Can anyone recommend a really fast API, ideally NEON-optimized for doing YUV to RGB conversion at runtime on the iPhone using the CPU? The accelerate framework's vImage doesn't provide anything suitable, sadly, and using vDSP, converting to floats and back seems suboptimal and almost as much work as writing NEON myself.
I know how to use the GPU for this via a shader, and in fact already do so for displaying my main video plane. Unfortunately, I also need to create and save RGBA textures of subregions of the display at runtime. Most of the good answers to this question involve shaders, but I don't want to use the GPU for that additional work, because:
(1) Although I could use RenderTextures and my YUV shader to convert and cache the regions, I don't want to add any more synchronization/complexity to the app. (I already pass textures from a CVTextureCache to Unity3D... I'm switching state from OpenGL behind Unity3D's back in many cases already and don't want to do any more debugging...)

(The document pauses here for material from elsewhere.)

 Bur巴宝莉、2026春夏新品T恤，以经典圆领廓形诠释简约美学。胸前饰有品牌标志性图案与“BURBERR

(2) More practically I am writing a game, and don't have any GPU to spare (as games generally don't - I've given more presentations about how to get things off the GPU in the last few years than how to put things on it...)

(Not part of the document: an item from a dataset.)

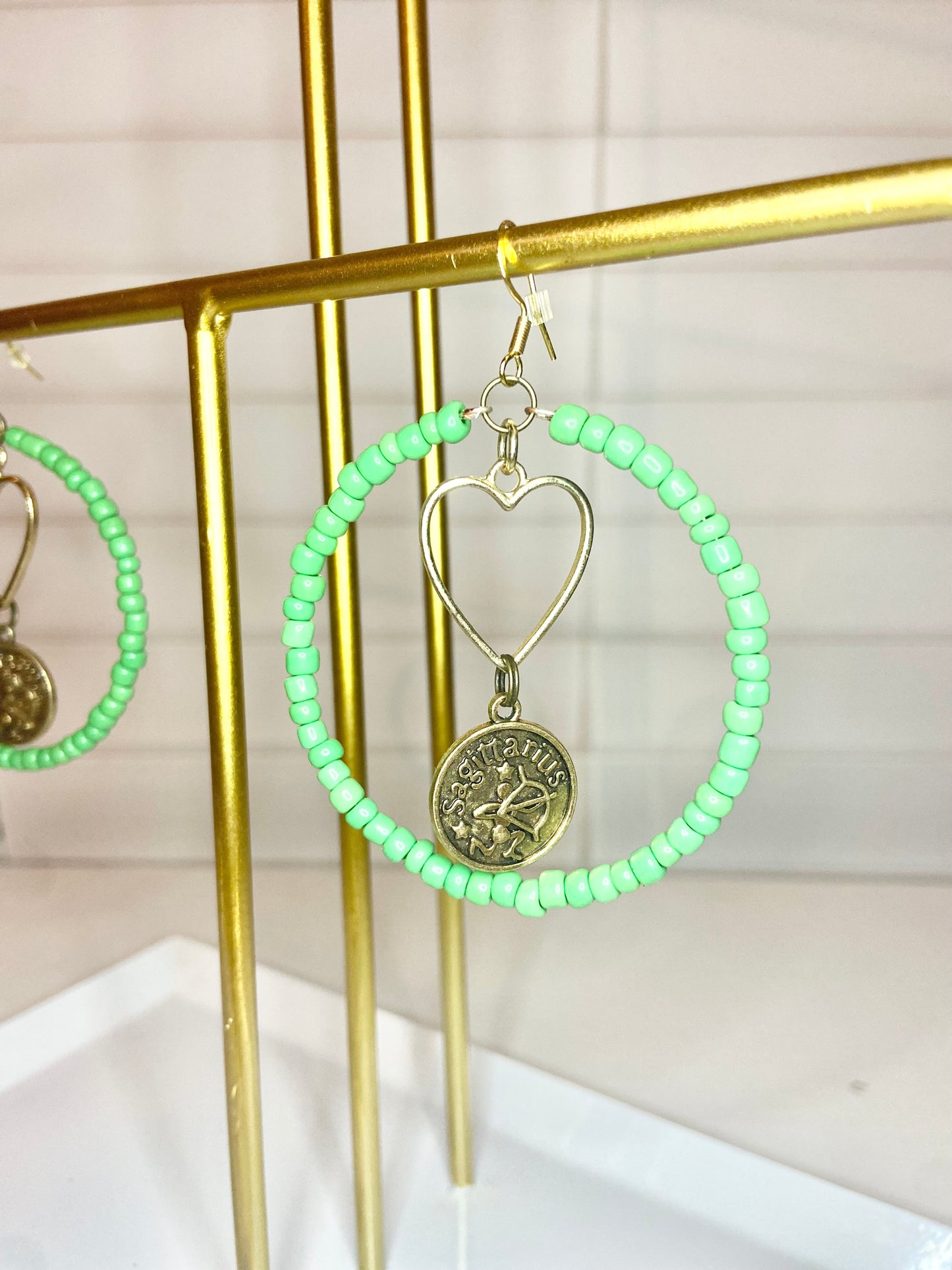 Green Sagitareous Hoops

(3) On the iPad, I have a spare core sitting there doing nothing.
Whilst there are many libraries out there that will do YUV to RGBA, I'd love to save the time of writing my own NEON version. Right now I'm using OpenCV's implementation like this:
cv::cvtColor(avFoundationYUVCaptureMat, BGRAInputImage, CV_YUV420sp2BGRA, 4);
which is correct, but end-of-days slow.
If anyone has previously looked at other implementations (CoreImage? FFMpeg?) and can recommend one I'd be hugely grateful.
Thanks, Alex.